今回の岩手行きで、偶然見知ったのが「遠野物語100年」という年回り。しかし実にこっぱずかしいことに、うつろいすぎた自分の記憶は、その年回りをすっかり忘れていたのです。
この写真は1990年の夏のもの。国道340号線で、岩泉から遠野に向かう途中の立丸峠で撮影したのですが、それ以前、免許取り立てでまだ四駆に乗っていなかった頃、この国道は川井村から遠野市まで全線ダートでした。
しんどい思いをして越えてきたことが焼き付いていて、エスクードを手に入れ、僚機のテラノとつるんでリベンジだと来てみれば、わずか数年のうちに全線舗装化されていたという・・・ そういう写真です。
ちなみにこれが、つくばーどの前身の、あと2台デリカスターワゴンとJA51Wが加わる不良集団の姿です。
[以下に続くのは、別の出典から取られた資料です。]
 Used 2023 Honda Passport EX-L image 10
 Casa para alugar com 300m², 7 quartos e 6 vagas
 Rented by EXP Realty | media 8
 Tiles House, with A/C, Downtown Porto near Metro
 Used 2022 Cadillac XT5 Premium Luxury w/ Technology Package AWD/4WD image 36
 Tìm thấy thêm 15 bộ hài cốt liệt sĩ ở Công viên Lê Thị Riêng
なにがこっぱずかしいかって、当時の不良な姿などではなく、これが1990年の夏の撮影だということ。実はこの年、妹・嵐田吹雪の短大における卒論の取材をかねて、遠野に来ているのですが(本人がいないのは、写真を撮っているため)、その卒論のテーマが、僕がそそのかした「遠野物語」でした。
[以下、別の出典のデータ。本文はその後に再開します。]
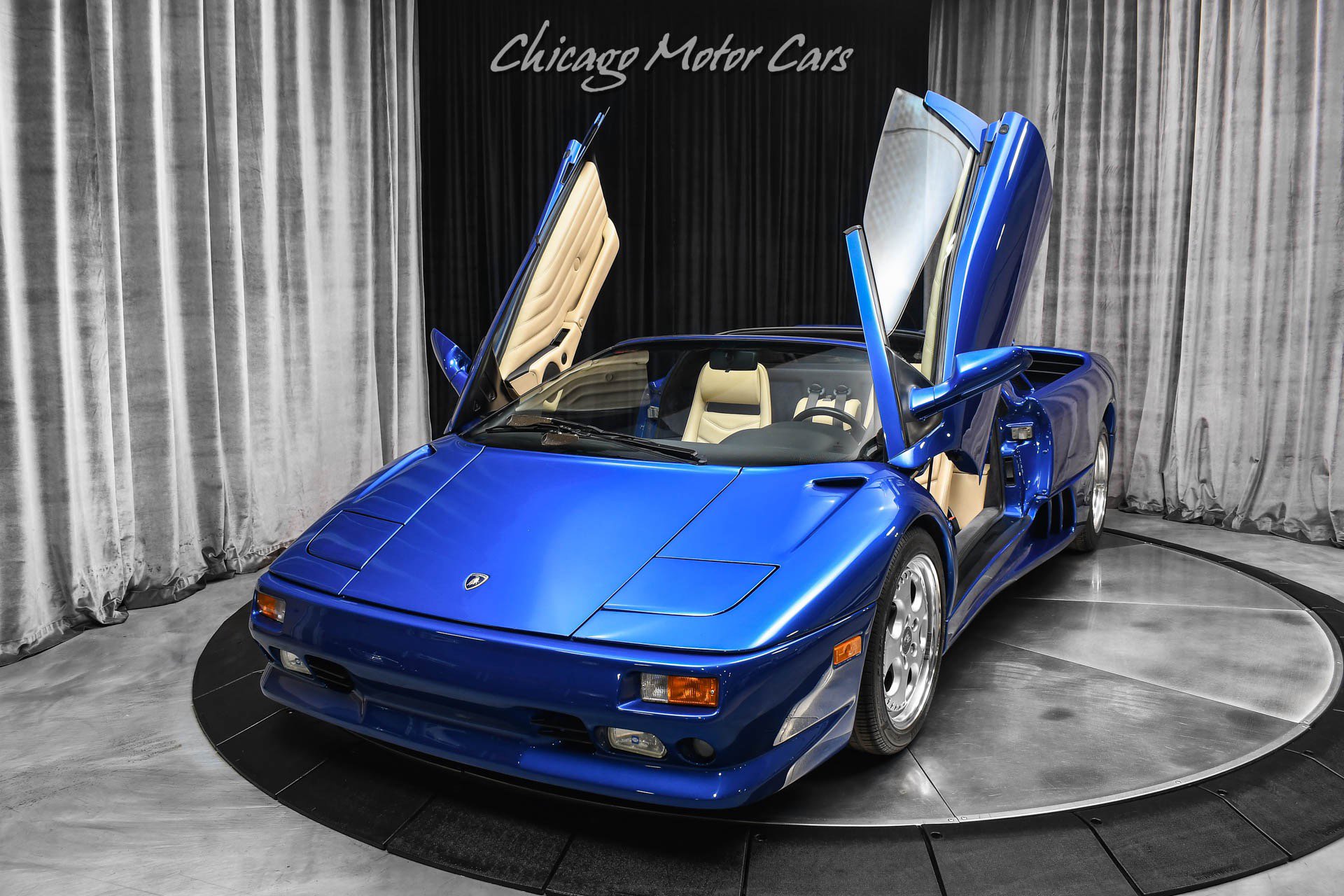 Used 1997 Lamborghini Diablo VT image 2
当時、いや今でも、遠野物語は日本の民俗学の草分け的な編纂業績をたたえられていて、子供向けには民話、大人向けにはその民俗学を通した東北地方の厳しい生活環境やそこに暮らす人々を、伝承が包み込む、幻想的であり、またおどろおどろした暗い伝え語りを書き記しています。がしかし、そんなに遠野物語の世界は暗く重いだけの救いようのないものだったのか? という、物語のとらえ方に逆説の仮説を立ててみてみようという目的が、卒論の目的だったのです。
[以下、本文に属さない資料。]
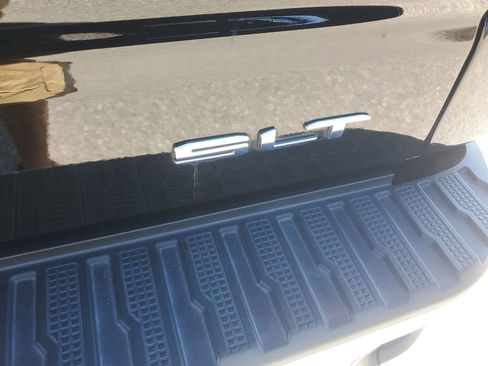 Used 2023 GMC Sierra 1500 SLT w/ X31 Off-Road Package image 40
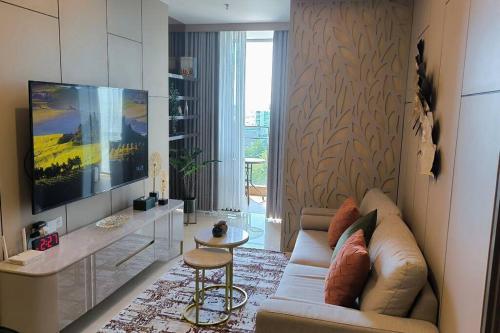 a living room with a couch and a tv at Lakuna 31 Sudirman in Makassar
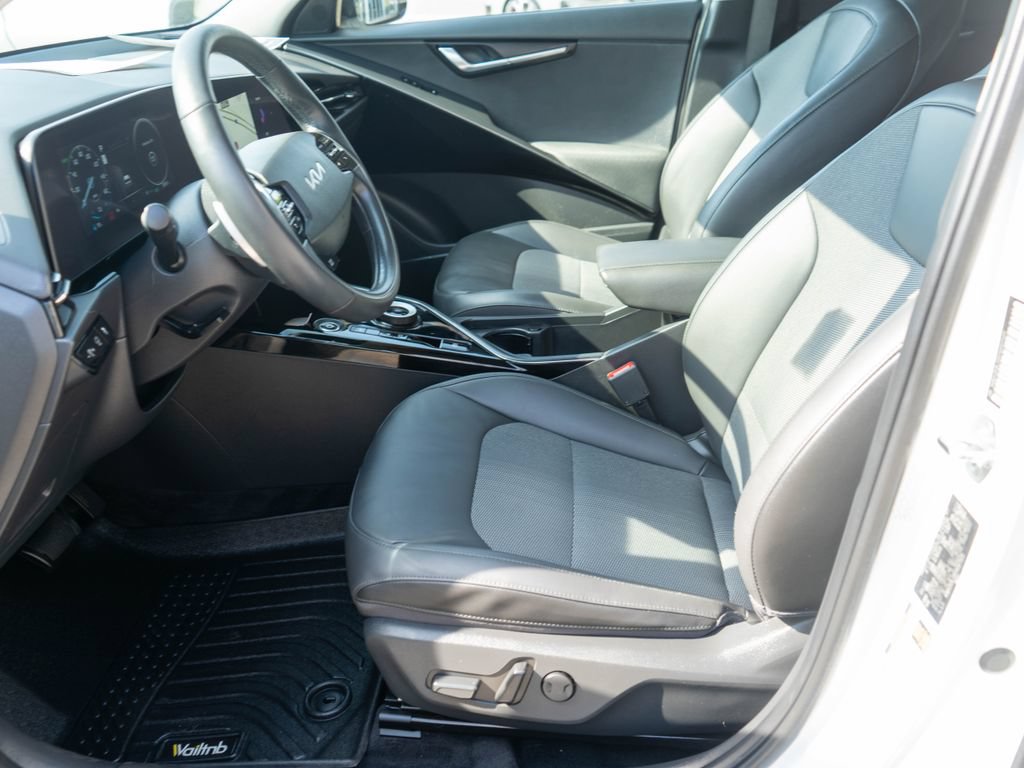 Certified 2023 Kia Niro Wind w/ Wind Preserve Package FWD image 12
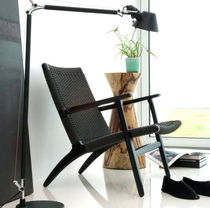Sillón contemporáneo / de Hans J. Wegner
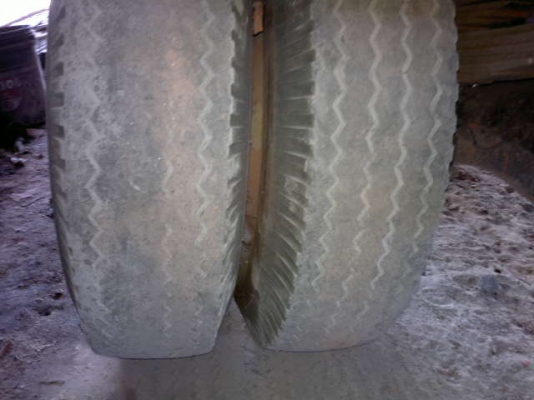 รถอิซูซุ 6 ล้อดั๊ม NPR  120 แรงม้า ปี 40 สนใจติดต่อ 081 - 6079515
たとえば、遠野物語に記されている「デンデラ野」という民話。昔、老人たちは60歳になると家庭や集落から捨てられ、日中は里に下りて農作業を手伝い、夕方わずかな食料を得てデンデラ野の小屋に帰り、寄り添うように暮らしながら、命の果てるのを静かに待った・・・と伝えられています。
その側面だけを見れば、楢山節考を彷彿とさせる姥捨ての話ですが、現地を訪ねてみると、「里と山」ほどの距離を隔ててはいないのが、デンデラ野と呼ばれる土地の位置関係。そこに老人だけのコミュニティーが置かれ、里と隔絶されていたかというと、どうもそんな風には思えない。お年寄りの脚力でも行き来は可能で、老後は家督を子の世代に譲り、自らは過酷な労働や税から解放されて、話の合うもの同士の共同生活を営むコミューンではなかったのかと、僕自身はずっと昔から感じていたのです。事実、昼間は畑仕事の手伝いや子守をしていて、里とのつながりを断ち切っていない。それは、単なる口減らしではなくて、隠居というスタイルの一つの形だろうと思うのです。
そんな切り口で、意外と力強く活きていたかもしれない遠野物語の住民たちをトレースしようと(ほんとは林道探検に行ったんだけど)、「遠野物語80周年」という機会を逃さず、出かけていたのでした。
あー・・・ そういえばそうだっけよ。あれからきっちり20年だよ。あんなに入れ込んでいた遠野物語のことを、これほど情けなくも忘れていたとは!